Reasoning instincts: An example
In some of our own research, we have been exploring the hypothesis that the human cognitive architecture contains circuits specialized for reasoning about adaptive problems posed by the social world of our ancestors. In categorizing social interactions, there are two basic consequences humans can have on each other: helping or hurting, bestowing benefits or inflicting costs. Some social behavior is unconditional: one nurses an infant without asking it for a favor in return, for example. But most social acts are conditionally delivered. This creates a selection pressure for cognitive designs that can detect and understand social conditionals reliably, precisely, and economcally (Cosmides, 1985, 1989; Cosmides & Tooby, 1989, 1992). Two major categories of social conditionals are social exchange and threat -- conditional helping and conditional hurting -- carried out by individuals or groups on individuals or groups. We initially focused on social exchange (for review, see Cosmides & Tooby, 1992).
We selected this topic for several reasons:
Many aspects of the evolutionary theory of social exchange (sometimes called cooperation, reciprocal altruism, or reciprocation) are relatively well-developed and unambiguous. Consequently, certain features of the functional logic of social exchange could be confidently relied on in constructing hypotheses about the structure of the information-processing procedures that this activity requires.

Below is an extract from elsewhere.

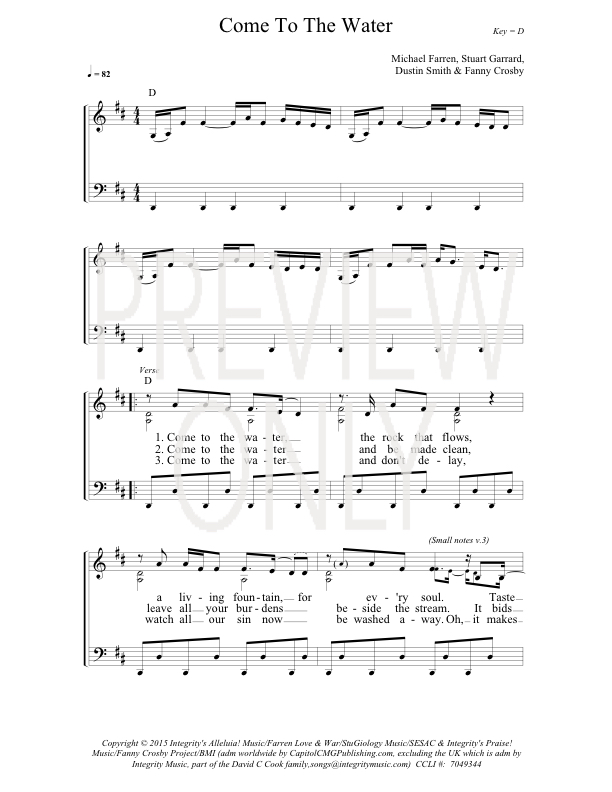 Come To The Water Lead Sheet, Lyrics, & Chords Paul Baloche WorshipHouse Media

Complex adaptations are constructed in response to evolutionarily long-enduring problems. Situations involving social exchange have constituted a long-enduring selection pressure on the hominid line: evidence from primatology and paleoanthropology suggests that our ancestors have engaged in social exchange for at least several million years.
Social exchange appears to be an ancient, pervasive and central part of human social life. The universality of a behavioral phenotype is not a sufficient condition for claiming that it was produced by a cognitive adaptation, but it is suggestive. As a behavioral phenotype, social exchange is as ubiquitous as the human heartbeat. The heartbeat is universal because the organ that generates it is everywhere the same. This is a parsimonious explanation for the unversality of social exchange as well: the cognitive phenotype of the organ that generates it is everywhere the same. Like the heart, its development does not seem to require environmental conditions (social or otherwise) that are idiosyncratic or culturally contingent.
Theories about reasoning and rationality have played a central role in both cognitive science and the social sciences. Research in this area can, as a result, serve as a powerful test of the central assumption of the Standard Social Science Model: that the evolved architecture of the mind consists solely or predominantly of a small number of content-independent, general-purpose mechanisms.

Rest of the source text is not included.